Records supplied →
--------
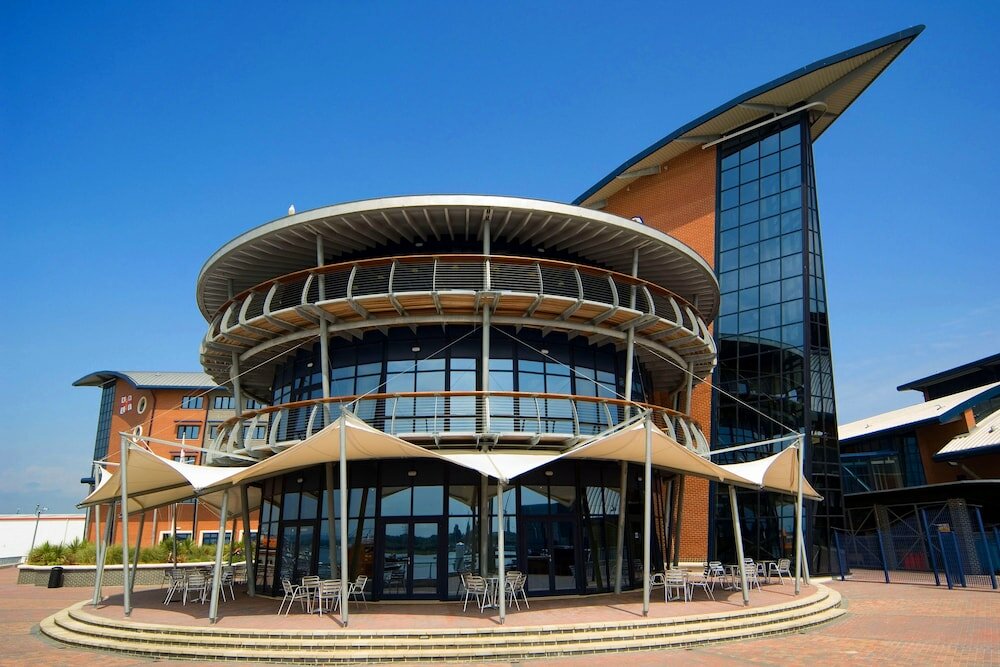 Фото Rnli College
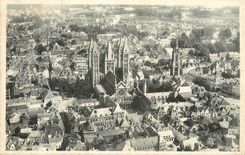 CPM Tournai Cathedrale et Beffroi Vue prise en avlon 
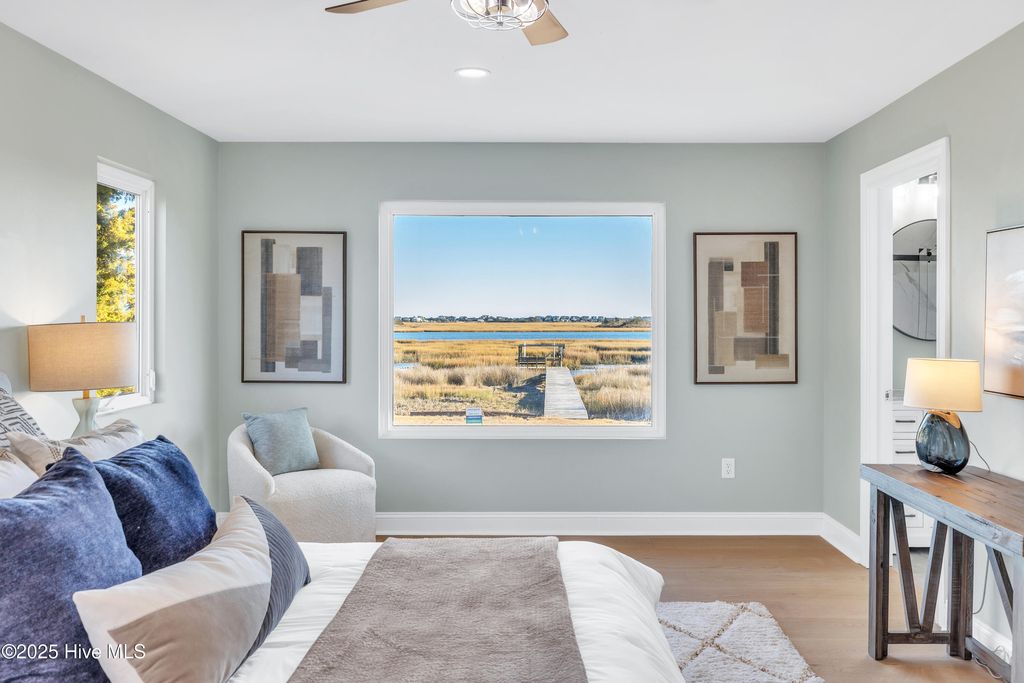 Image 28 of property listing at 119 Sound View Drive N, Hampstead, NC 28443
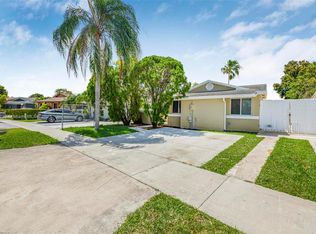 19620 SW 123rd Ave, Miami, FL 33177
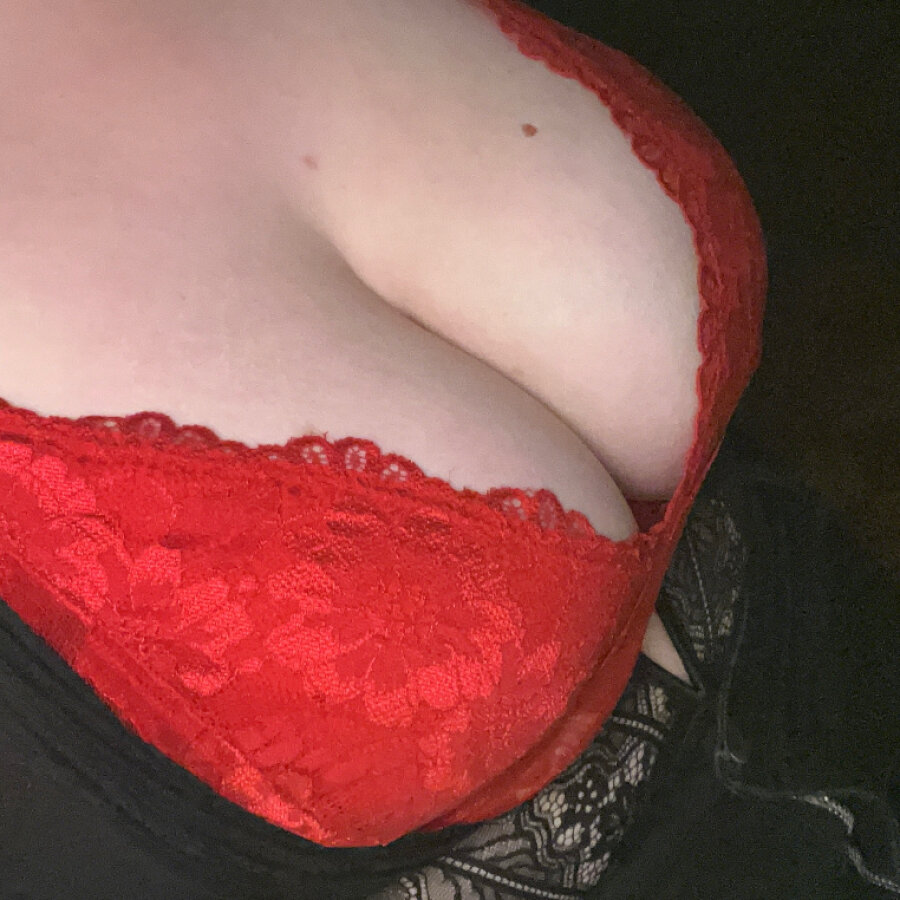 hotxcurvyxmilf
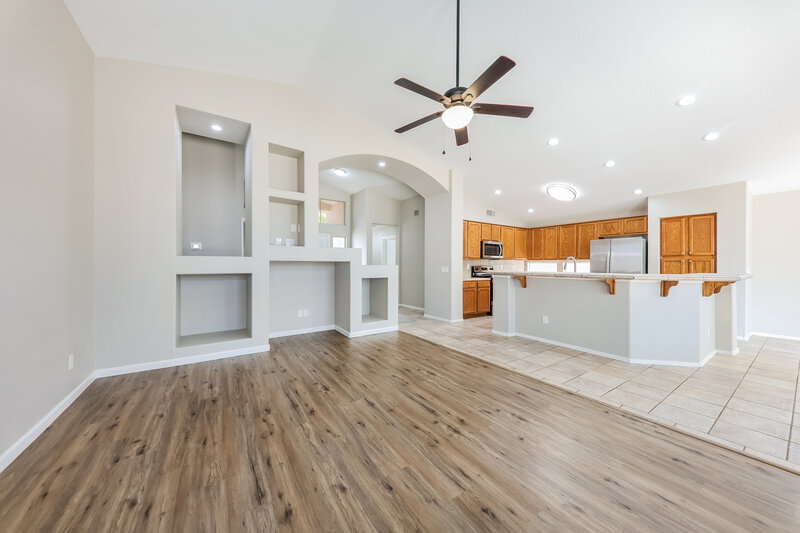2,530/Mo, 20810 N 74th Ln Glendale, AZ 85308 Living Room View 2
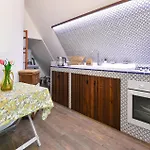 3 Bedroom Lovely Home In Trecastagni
--------
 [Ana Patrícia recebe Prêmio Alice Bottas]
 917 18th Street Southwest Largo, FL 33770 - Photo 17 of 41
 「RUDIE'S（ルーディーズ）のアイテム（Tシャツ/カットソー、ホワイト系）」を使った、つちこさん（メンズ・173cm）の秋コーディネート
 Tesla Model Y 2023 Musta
--------
What is required → The data above holds the lines to copy: start at the one with "Фото Rnli College", stop at the one with "3 Bedroom Lovely Home In Trecastagni", include both, copy them exactly without pictures, and copy nothing else.

Solution to the problem →
 Фото Rnli College
 CPM Tournai Cathedrale et Beffroi Vue prise en avlon 
 Image 28 of property listing at 119 Sound View Drive N, Hampstead, NC 28443
 19620 SW 123rd Ave, Miami, FL 33177
 hotxcurvyxmilf
2,530/Mo, 20810 N 74th Ln Glendale, AZ 85308 Living Room View 2
 3 Bedroom Lovely Home In Trecastagni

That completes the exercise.